Peter WARLOCK (1984-1930)
Heracleitus [3:21]
Sweet content [1:18]
George BUTTERWORTH (1885-1916)
Suite for string quartet (1910) [18:23]
When the lad for longing sighs [1:41]
Bredon Hill [4:47]
On the idle hill of summer [3:03]
With rue my heart is laden [1:38]
Fill a glass with golden wine [1:51]
On the way to Kew [3:34]
Ivor GURNEY (1890-1937)
Ludlow and Teme, seven songs for tenor, string quartet and piano (1919) [18:22]
Adagio (from String Quartet in D Minor) [7:39]

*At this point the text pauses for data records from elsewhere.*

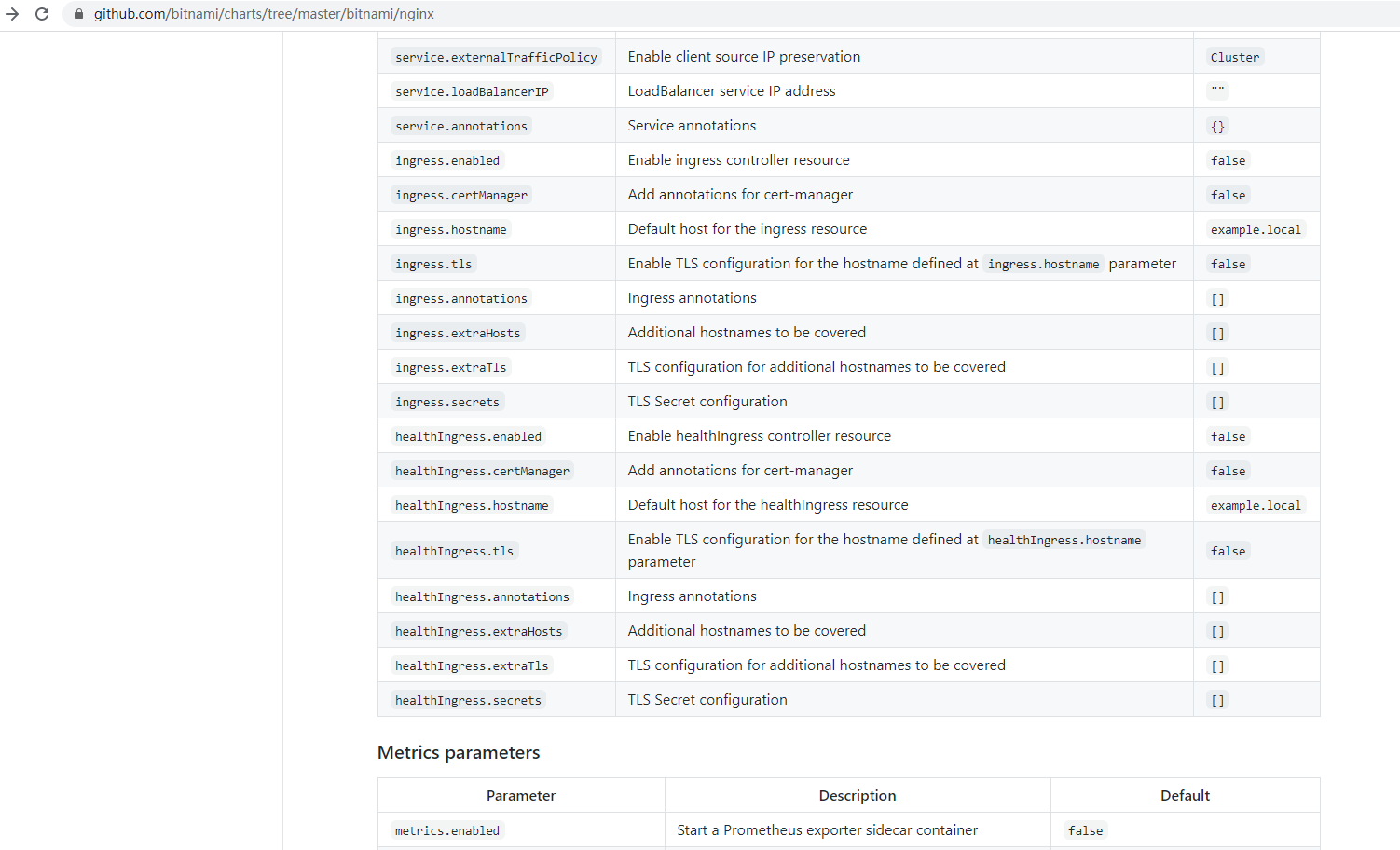 helm 安装 mongodb helm 安装k8s_nginx_06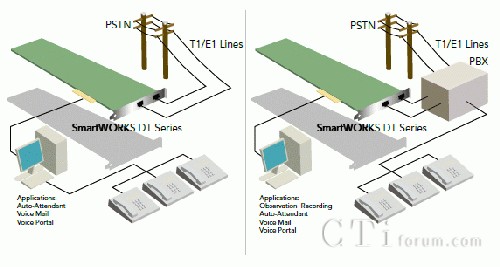 DT�a(ch��n)Ʒ��(y��ng)�ÈDʾ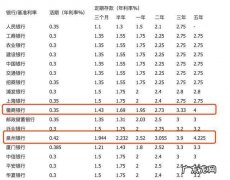 携程金钻会员多少钱？一年能省多少？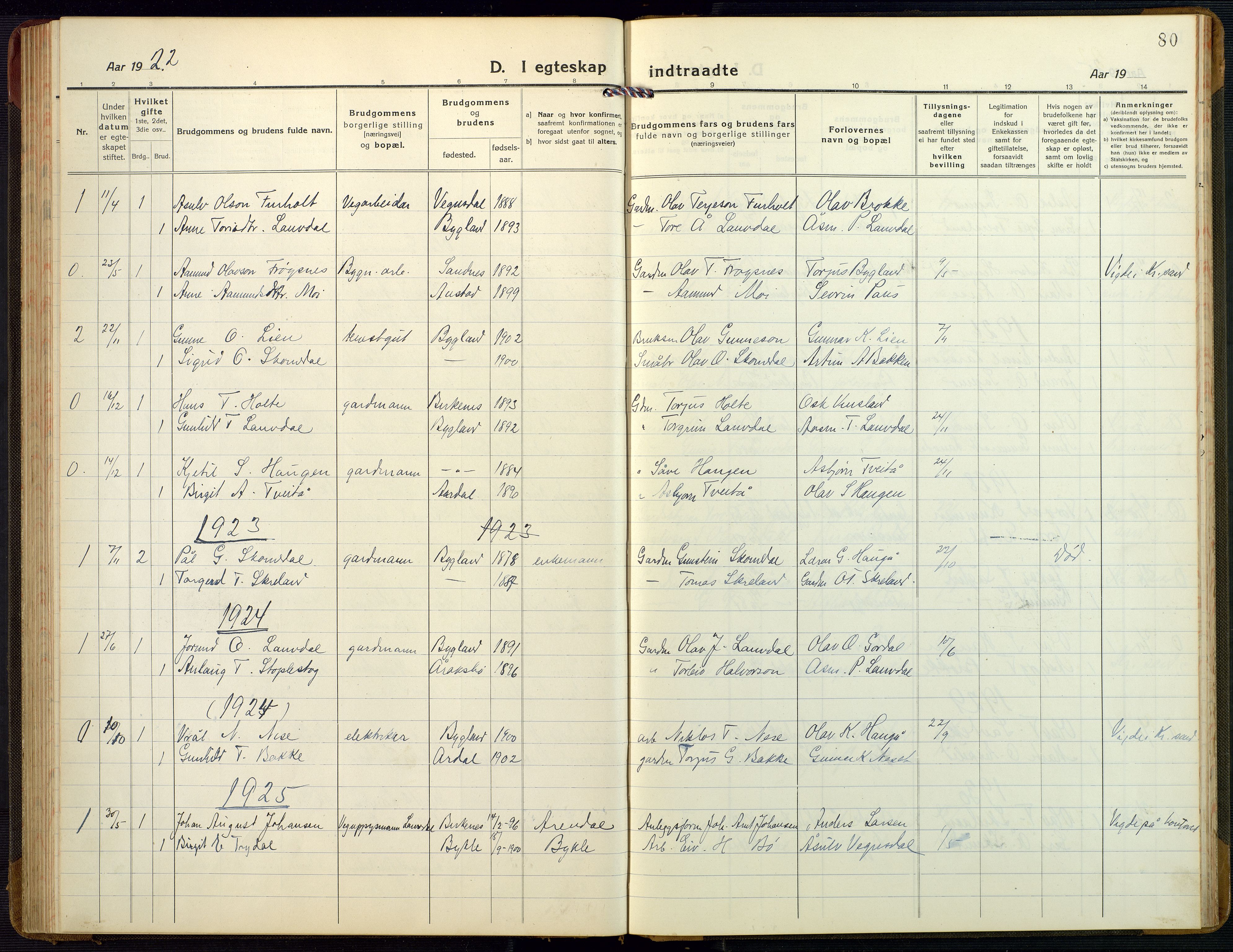 Bygland sokneprestkontor, SAK/1111-0006/F/Fb/Fbb/L0005: Parish register (copy) no. B 5, 1920-1955, p. 80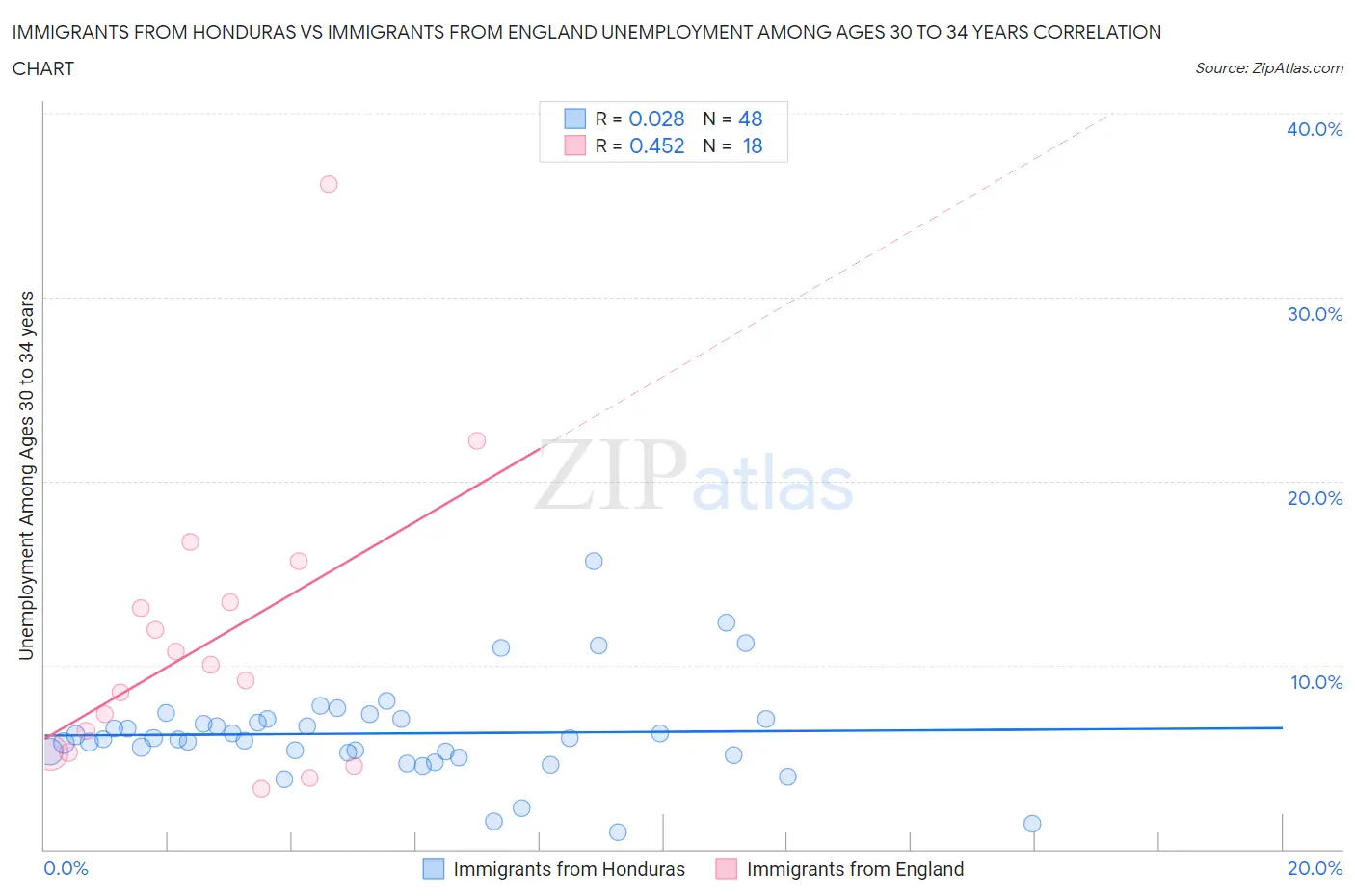 Immigrants from Honduras vs Immigrants from England Unemployment Among Ages 30 to 34 years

The Cloths of Heaven [3:08]
Severn Meadows [1:53]
By a Bierside [4:19]
Charles Daniels (tenor)
Bridge String Quartet
Michael Dussek (piano)
rec. Church of St John the Evangelist, Iffley Road, Oxford on 15,16 January 2015 (Tracks 1-20; 22-24); St George’s Church, Chesterton on 8,9 May 2014 (Track 21)

This very interesting disc celebrates the talents of three of England’s greatest song-writer composers of the first quarter of the last century, two of whom (Butterworth and Gurney) were to remain inextricably linked to the conflict of the First World War—although the Houseman poems, for the settings of which they are, perhaps, most celebrated, were actually written in the shadow of the Boer Wars. Butterworth, who was decorated for conspicuous bravery, died on the Somme in 1916. Gurney, who was gassed in the Passchendaele offensive, was invalided home and resumed his musical studies and composing career but his experiences and fragile health, combined with an underlying bi-polar illness and exacerbated by the pressure of his creativity, tragically combined to burn out his sanity and he spent the last eleven years of his life committed to an asylum. Warlock (the pseudonym of Philip Heseltine) sought and achieved exemption from military service so it is somewhat ironic that his short life should have been ended by gas poisoning, although this seems most likely to have been at his own hand.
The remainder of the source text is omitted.